BEGIN

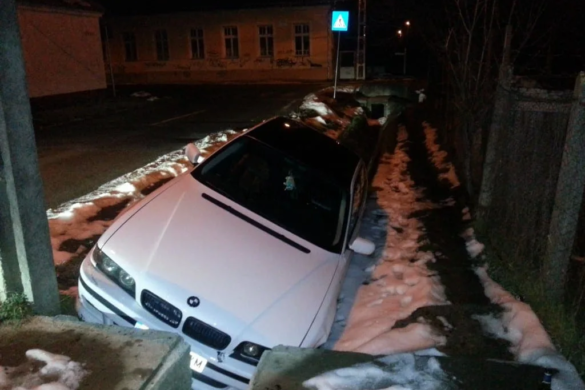 Uite aşa se parchează un BMW în Cartierul Plopi din Timişoara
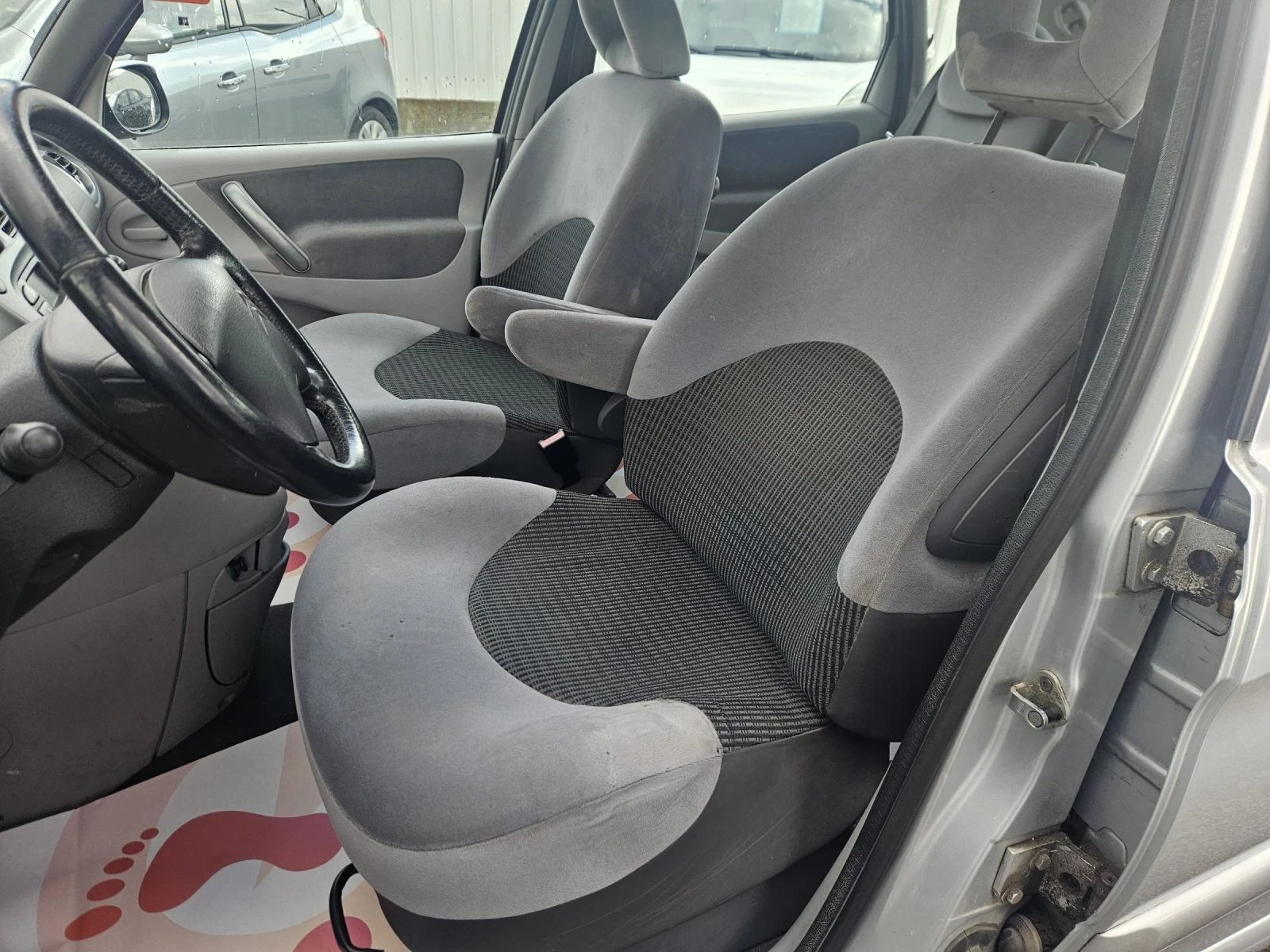 Citroen Xsara picasso 1.6I, снимка 6 - Автомобили и джипове - 54092617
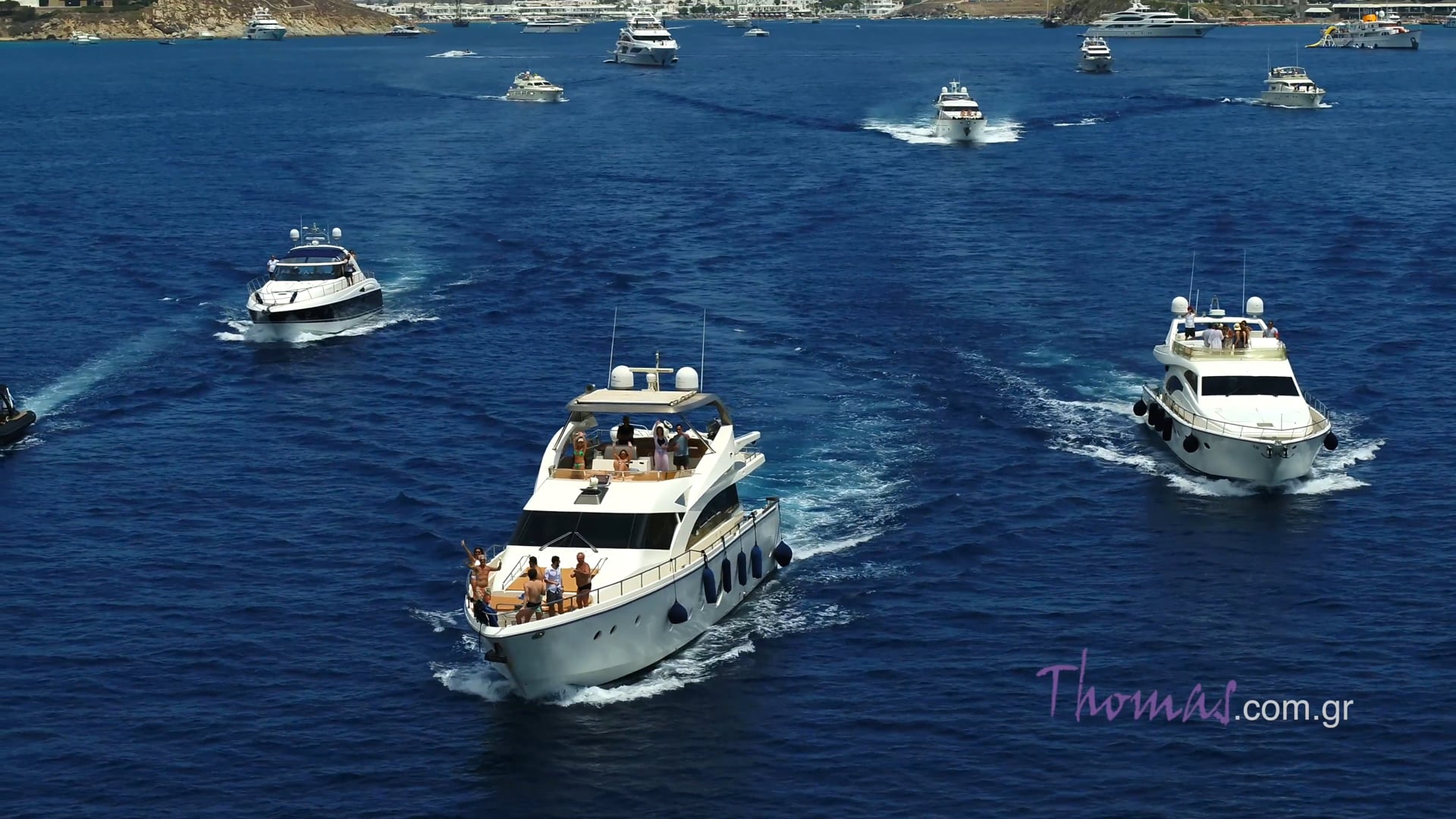 GOLDEN_YACHTING_4K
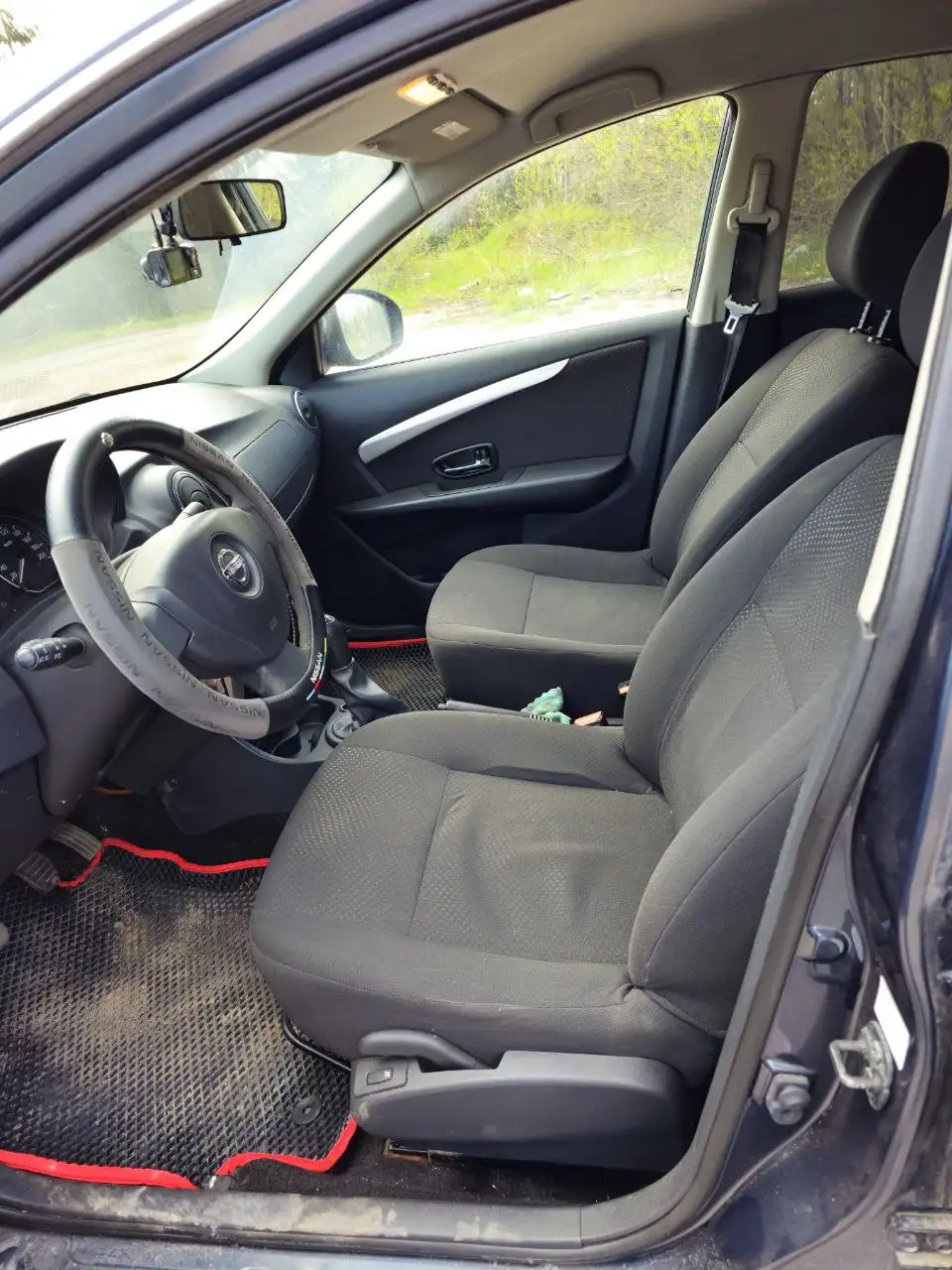 Nissan Almera 2014 с торгов по банкротству - Легковые автомобили (Авто) в Неизвестно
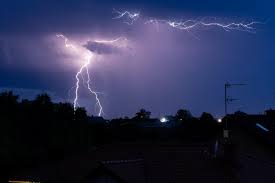 Paris ne fait pas partie des 16 départements en vigilance orange pour les orages et les crues. Meteo Paris En Vigilance Jaune Pour Orage Pluie Et Inondation Ce Vendredi 4 Juin 2021 Sortiraparis Com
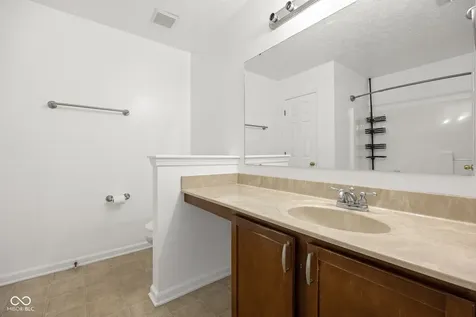 2206 Rosswood Boulevard Indianapolis IN 46229
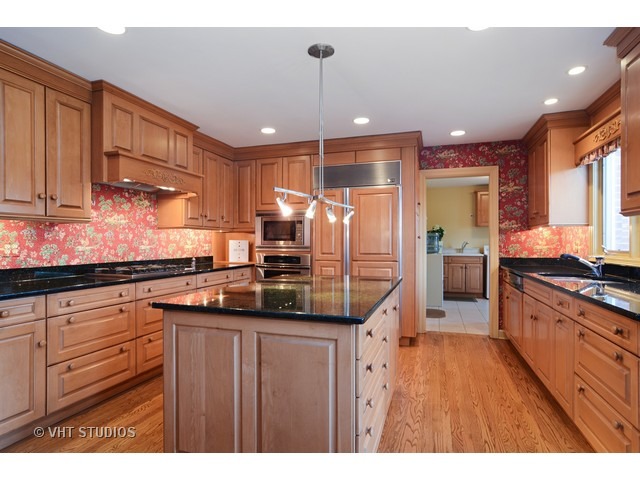 557 West Windsor Road Inverness, IL 60067 - Photo 7 of 25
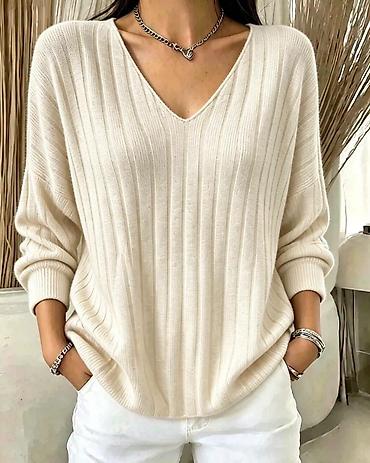 pull: Bluzica
Cena 2200 
Od s do 2xl
Vel.17 — 1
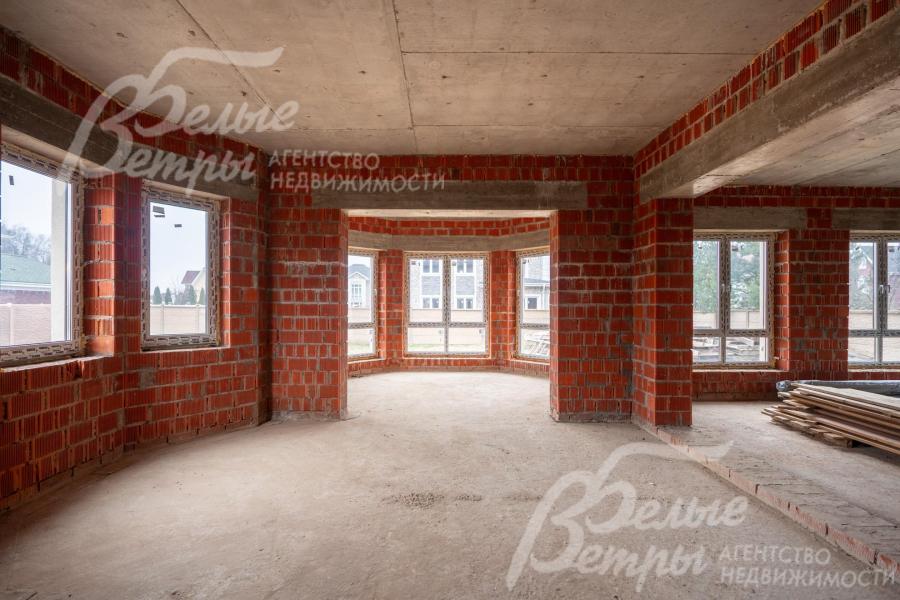 Архитектурную выразительность планировки подчёркивают эркеры: один украшает зимний сад, другой — кухню‑столовую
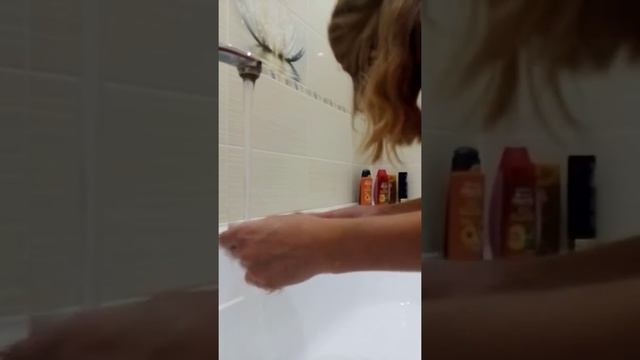 уборка у улиток ,купаем улиточек!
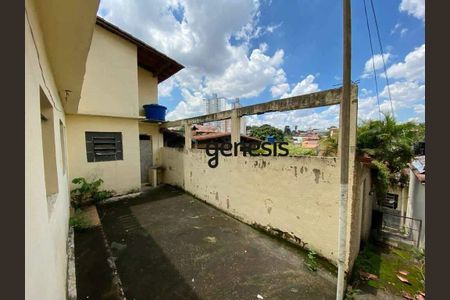 Casa à venda com 5 quartos, 180m² em Cinquentenario, Belo Horizonte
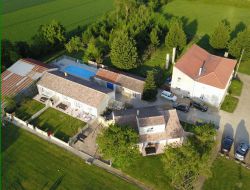 Location 6-8 personnes  19 km* de Chatelaillon Plage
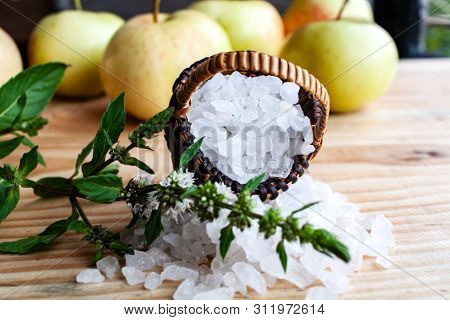 White Fragrant Salt For The Bathroom  . The Leaf Is Mait By Mints . Fresh Mint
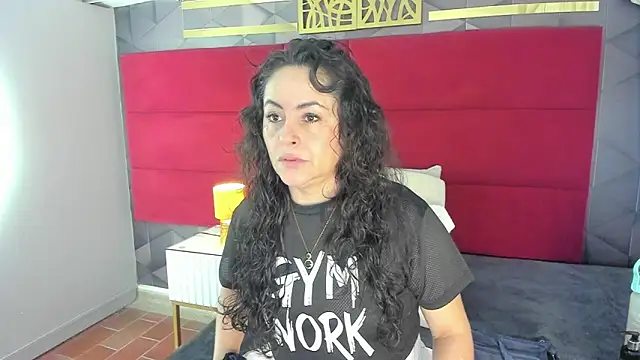 hanny milf online show from 04.25.26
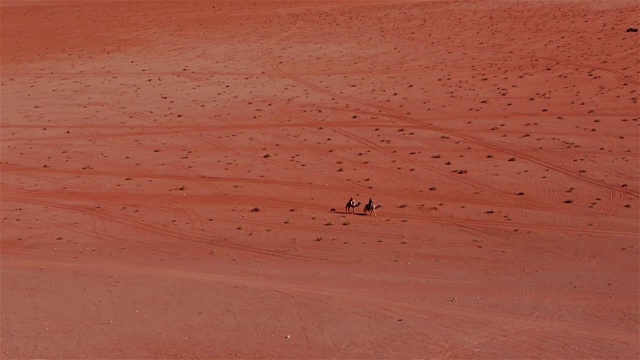 中东约旦瓦迪拉姆沙漠中的骆驼贝都因人视频素材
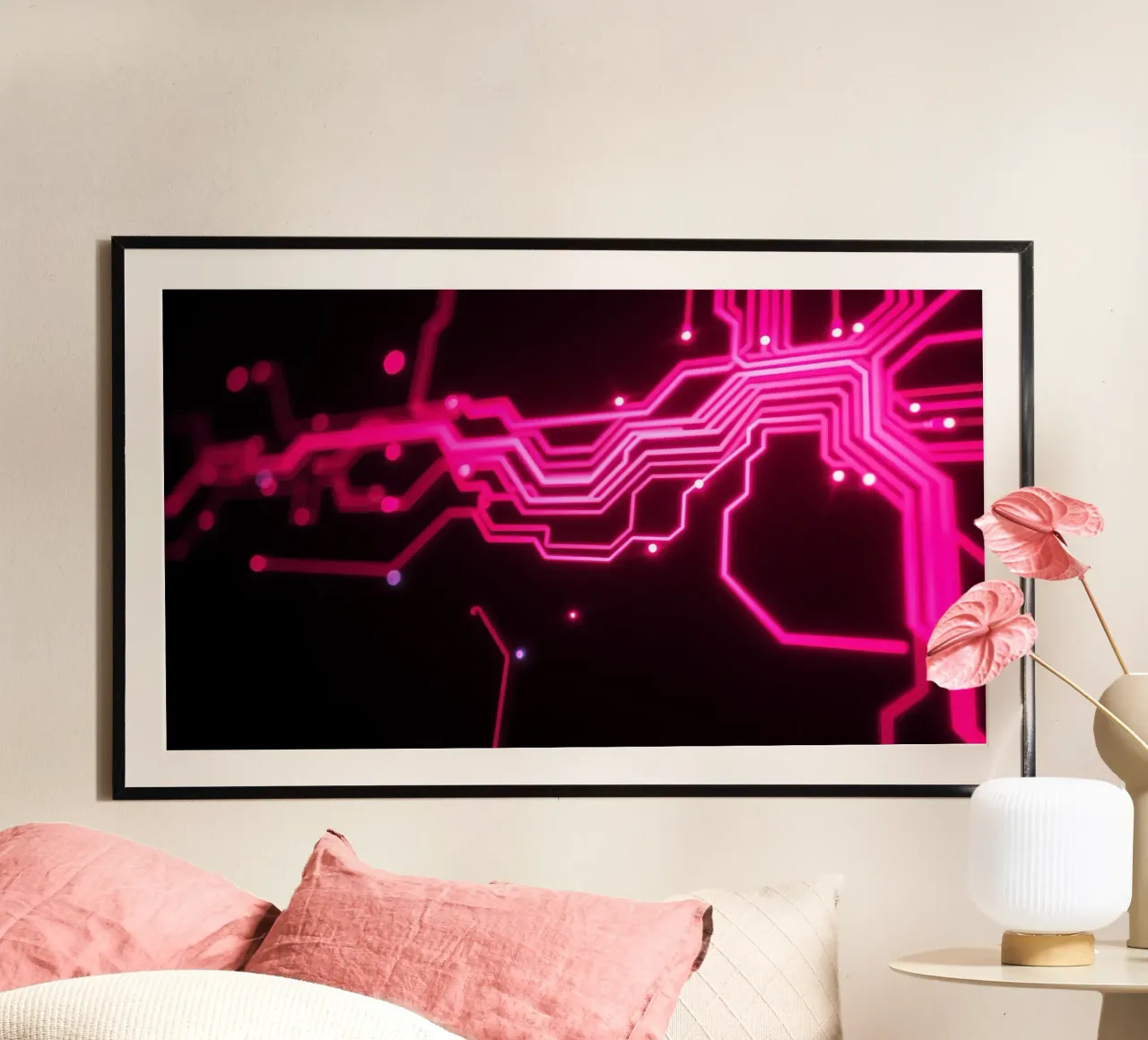 Design del circuito stampato in vivaci tonalità di rosa poster con telaio in legno da DesignDoodle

END

[TRY IT]:
What is needed is an exact copy of the lines from the beginning of the data through the line containing "hanny milf online show from 04.25.26", both included, without any pictures.

[EXPECTED ANSWER]:
 Uite aşa se parchează un BMW în Cartierul Plopi din Timişoara
 Citroen Xsara picasso 1.6I, снимка 6 - Автомобили и джипове - 54092617
 GOLDEN_YACHTING_4K
 Nissan Almera 2014 с торгов по банкротству - Легковые автомобили (Авто) в Неизвестно
 Paris ne fait pas partie des 16 départements en vigilance orange pour les orages et les crues. Meteo Paris En Vigilance Jaune Pour Orage Pluie Et Inondation Ce Vendredi 4 Juin 2021 Sortiraparis Com
 2206 Rosswood Boulevard Indianapolis IN 46229
 557 West Windsor Road Inverness, IL 60067 - Photo 7 of 25
 pull: Bluzica
Cena 2200 
Od s do 2xl
Vel.17 — 1
 Архитектурную выразительность планировки подчёркивают эркеры: один украшает зимний сад, другой — кухню‑столовую
 уборка у улиток ,купаем улиточек!
 Casa à venda com 5 quartos, 180m² em Cinquentenario, Belo Horizonte
 Location 6-8 personnes  19 km* de Chatelaillon Plage
 White Fragrant Salt For The Bathroom  . The Leaf Is Mait By Mints . Fresh Mint
 hanny milf online show from 04.25.26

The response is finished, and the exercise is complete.